Identify Porter Airlines’ target customer market(s) and the desired customer outcomes.
The main target customer market for Porter Airlines is business passengers within Canada who are on a tight budget as well as a tight schedule. Porter’s tries to place a high value on the customer’s time and money, something which is often criticized about the airlines industry in general. The airline industry depends to a large extent on unknown external factors – which are outside the control of the company, mainly weather and security. Porter Airlines tries to minimize this by focusing on short-distance flights for mainly mid-level business customers, executives and frequent travelers, who need to save on both time and money.
According to the five forces of competition,
In terms of bargaining power of customers, the critical force faced by Porter Airlines is substantial. The airline market is saturated with low price competition, and with falling oil prices in the future, price wars are likely to escalate. This automatically increased the bargaining power of the customers.
In bargaining power of suppliers, the critical force faced by the company is low and stable. The company has an advantage on this factor. The suppliers are few but the demand is constant from the airline industry because of the relatively high life cycle of the products. This means that the suppliers cannot leverage much of their advantage, especially since one crucial supply – crude oil and jet fuel – has more supply than demand.

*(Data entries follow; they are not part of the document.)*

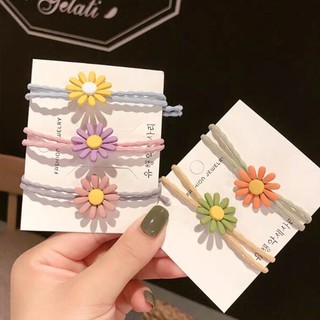 [1k] Dây Buộc Tóc Bông Cúc Ulzzang Siêu Hot P053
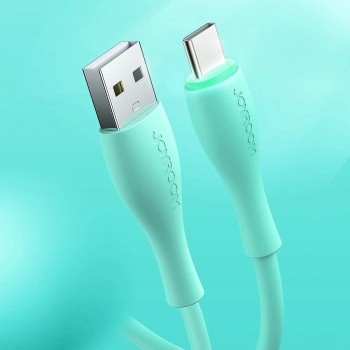 Kabel przewód silikonowy miękki USB - USB-C 3A 1m biały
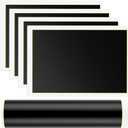 Pndeyo 4 Sheets Laser Engraving Paper, 15.35in x 10.63in Laser Marking Paper, Laser Engraving Marking Paper for Ceramics Crystal Plexiglass Glass Plastic- Black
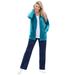 Plus Size Women's Better Fleece Zip-Front Hoodie by Woman Within in Deep Teal (Size 5X)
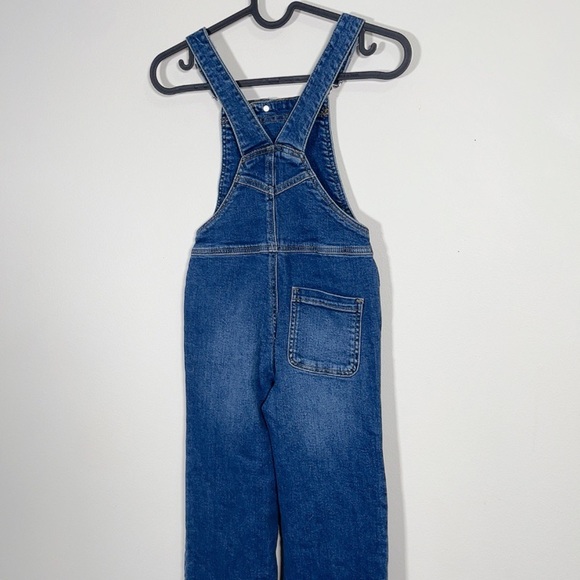 ZARA | GIRL'S FLARE INDIGO OVERALLS sz 7/8. Super cute! - Picture 6 of 14
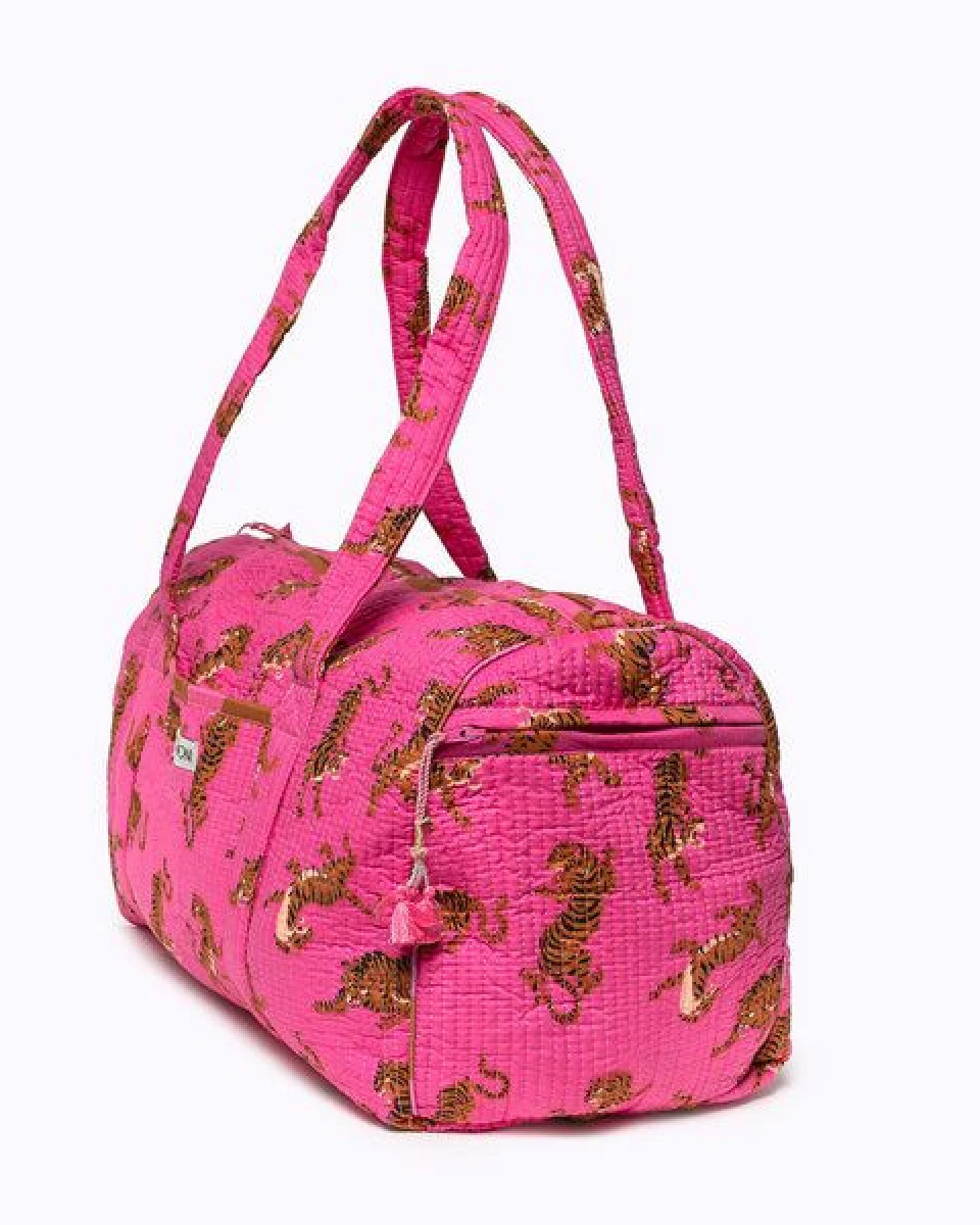 KIKOONI handgefertigte große Baumwolltasche "K. Shopper" – Ansicht 3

Threat of substitution is relatively high, as this is relevant with the high bargaining power of consumers. This means that the company cannot afford to lose too many customers, as there already are a variety of other options of short-distance high-speed travel, such as the train and local buses.
The threat of new entrants is also relatively low, because the airline industry has pretty high barriers to entry. The high barriers to entry include an incredibly high requirement for initial capital investment, loan overdrafts, existing healthy finances and assets in order to gain financing and investment, and high security requirements. This makes it a difficult industry for a business to enter and makes the threat of new entrants pretty low.
Combining all of the above, the threat of competitive intensity can be said to be moderate.
Critical resources and activities that are leveraged to meet desired customer outcomes:
Porter Airlines uses rationalized fare structuring that cross-subsidizes some flights while gaining a high profitability on others. Extra surplus from some high-value passengers can be used for purposes of enlarging the market size and customer base by flying to less-profitable destinations at first. Moreover, the company also routinely structures flights at 2-hour intervals so as to enable some flights with lower number of passengers to be cancelled and scheduled at the next flight – thus increasing profitability. This ensures that customers have a good experience and are attended to by a full roster of staff and flight attendants. Cabin crew is trained to speak several languages – apart from English and French, each flight also has a number of multilingual staff.
References
Aaker, D., & McLoughlin, D. (2010). Strategic Market Management: Global Perspectives. Hoboken, New Jersey, USA: John Wiley & Sons.
Grant, R., & Jordan, J. (2015). Foundations of Strategy. Hoboken: John Wiley & Sons.